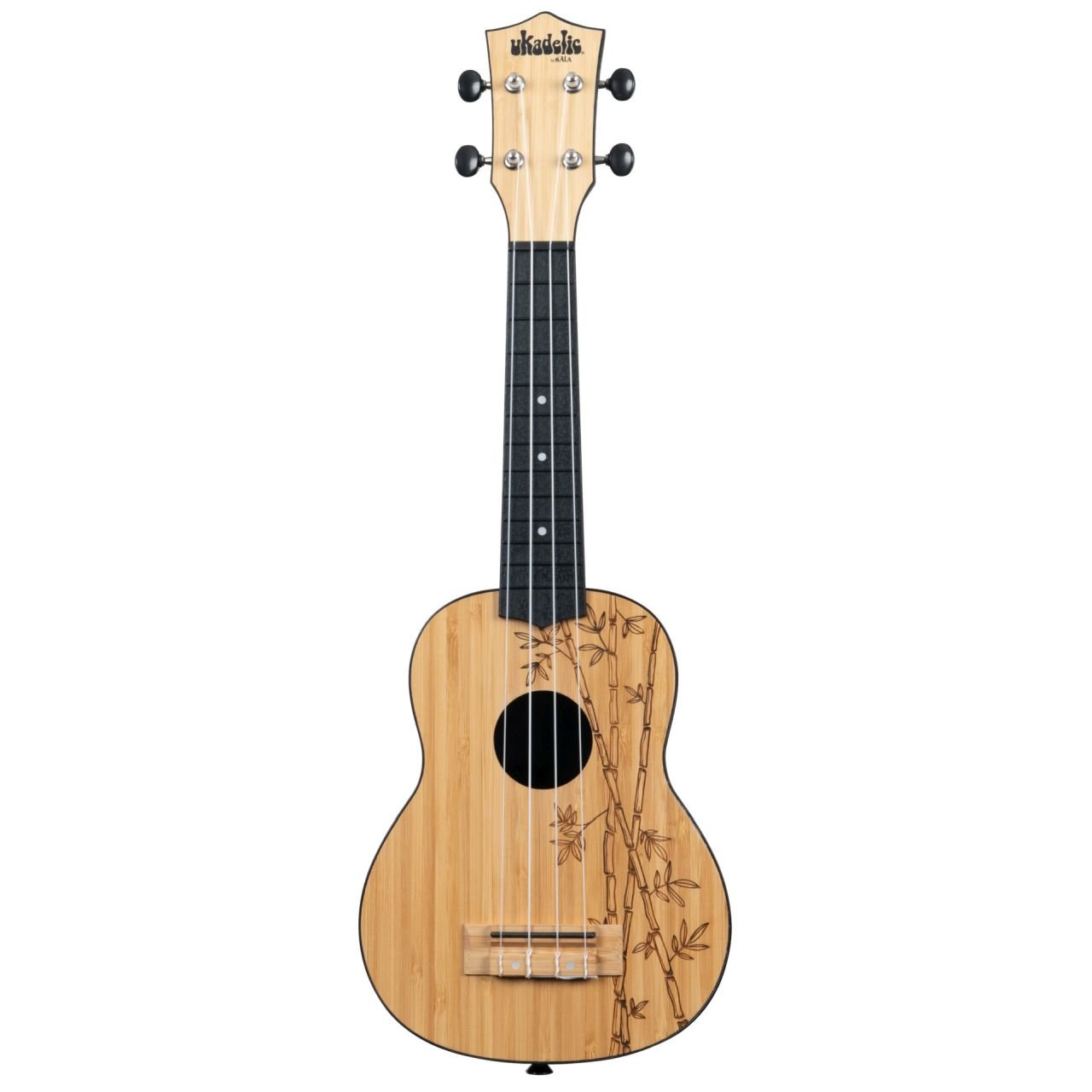 UK-BAMBOO Soprano Ukulele Bamboo Top (B-Stock)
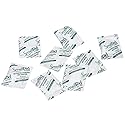 SMELLRID Activated Charcoal Odor Remover That Works [100 Pack] - Mini 5g (2” x 2”) Pack Treats 2 Sq. Ft.- Premium Natural Odor & Dampness Absorber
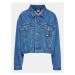 Tommy Jeans Džínsová bunda DW0DW15808 Modrá Regular Fit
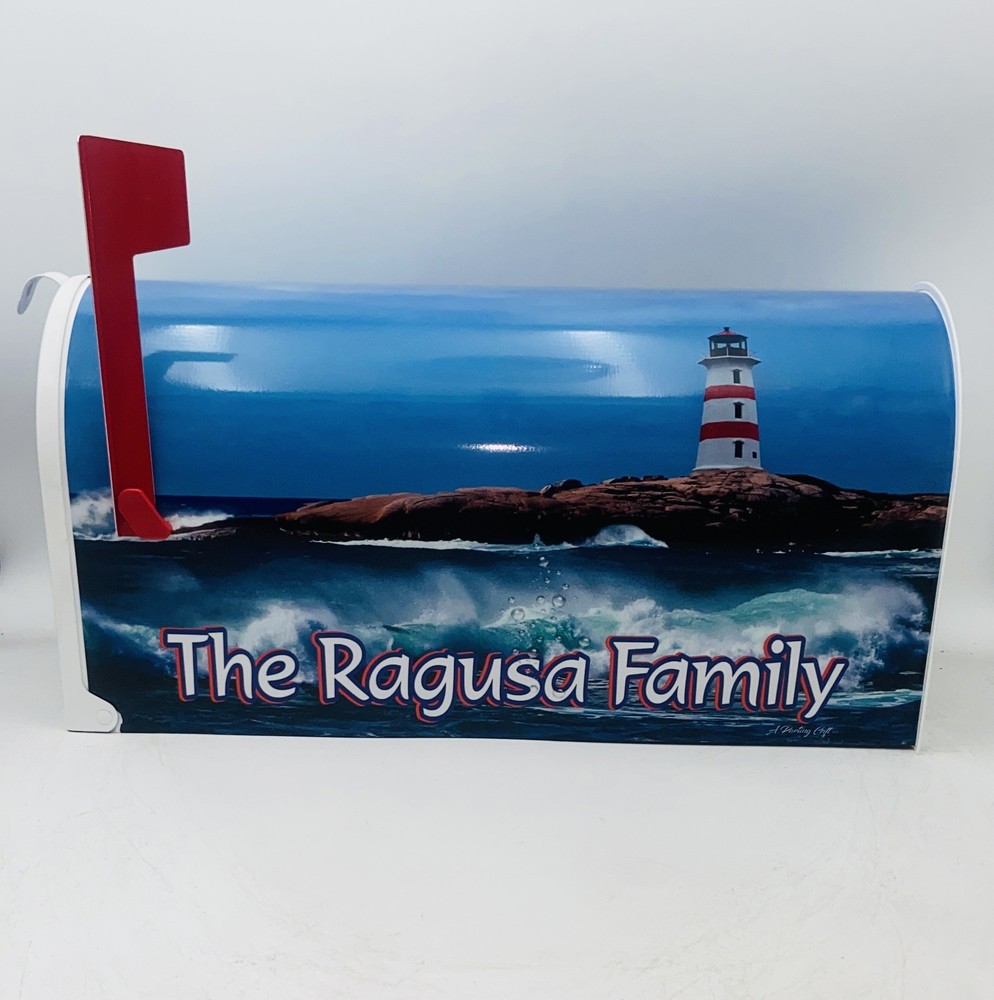 Lighthouse Custom Mailbox: Personalized Gifts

Prompt
Return all material verbatim, pictures omitted.

Reply
 UK-BAMBOO Soprano Ukulele Bamboo Top (B-Stock)
 SMELLRID Activated Charcoal Odor Remover That Works [100 Pack] - Mini 5g (2” x 2”) Pack Treats 2 Sq. Ft.- Premium Natural Odor & Dampness Absorber
 Tommy Jeans Džínsová bunda DW0DW15808 Modrá Regular Fit
 Lighthouse Custom Mailbox: Personalized Gifts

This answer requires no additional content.